I have found a great dolly to use with a handheld or tripod-mounted camcorder. It’s a rolling "creeper," which mechanics use to lie on to work underneath cars. Pretty much any auto parts store or large discount retailer carries them. Try to get one with bars on the sides, so you can place the tripod legs on them. Test out the creeper at the store to make sure it rolls smoothly. The only problem is the ground or floor you’re working on has to be fairly even to eliminate jogging or bouncing. The mechanic’s creeper is an inexpensive way to create dolly shots.
When blacking a tape, insert a dummy mike plug into the mike jack of your camcorder. This means you won’t inadvertently record your house noise (and you don’t have to tiptoe out of the room). You can make a dummy mike plug by cutting the connector off a pair of headphones.
Compressing My Way
After reading the video-editing card article in the April 2001 issue, I realized that people might have the same problem that I used to have.
I bought a $100 FireWire card for my PC. It uses a DV compression that isn’t compatible with anything but MGI’s VideoWave (the program it came with). But I found a way around that.
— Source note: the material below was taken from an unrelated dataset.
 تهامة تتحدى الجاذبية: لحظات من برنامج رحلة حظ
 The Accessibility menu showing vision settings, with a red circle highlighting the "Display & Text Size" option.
I use MGI’s VideoWave to capture the footage and split up the scenes, but instead of rendering the file using DV compression, I use uncompressed .avi files. (You’ll need to create a new Produce Template and select AVI Uncompressed for the file type.) Next, I use Premiere or Media Studio to compress those .avis into SoftDV format. Now they’re compressed in the standard DV format, and this format is compatible with everything.
Santa Cruz, CA
Baby Stroller Dolly
An easy way to quickly make a fairly good dolly is to use a baby stroller. Place your tripod in the stroller, and extend the legs to the necessary length to get a stable fit in the baby’s seat. I use a suitcase’s safety belt to hold the tripod securely in place. When I have do not have a tripod with me, I place one or two pillows in the stroller with a hard-cover book on top of them and place the camcorder on the book, again securing the whole thing with a luggage belt. This provides an interesting low-angle shot. Then I aim the camcorder, turn the stabilizer on, and I gently push the stroller to create a smooth dolly roll. It does not cost anything and it works well.
Vancouver, BC Canada
Here are three lighting safety tips I learned from an old Hollywood lighting technician. 1. Wear gloves when adjusting lights. High-powered lights get extremely hot, and it’s necessary to have gloves to adjust them and add accessories like diffusers and gels. 2. Stabilize lightstands with sandbags. You can buy them or make them. Sandbags weigh down the base of a light stand, so that if someone stumbles over it, the lights don’t come crashing down. 3. Use gaffer’s tape to secure cables. Running a bunch of cords all over the floor is dangerous. By using gaffer’s tape to keep them in place, no one will trip and hurt themselves or knock over your lights.
Only Two Camcorders
I have been shooting weddings for several years now. I have found that limiting the shoot of the ceremony to two camcorders is the most cost-effective method. With more than two cameras, there is so much raw footage to go through that editing becomes too time consuming. With only one camera, there’s a chance that you might miss something or not get a good angle on it. I have been able to make very thorough and poignant wedding videos with two camcorders positioned in different places and the time spent in editing is worth the money I’m paid.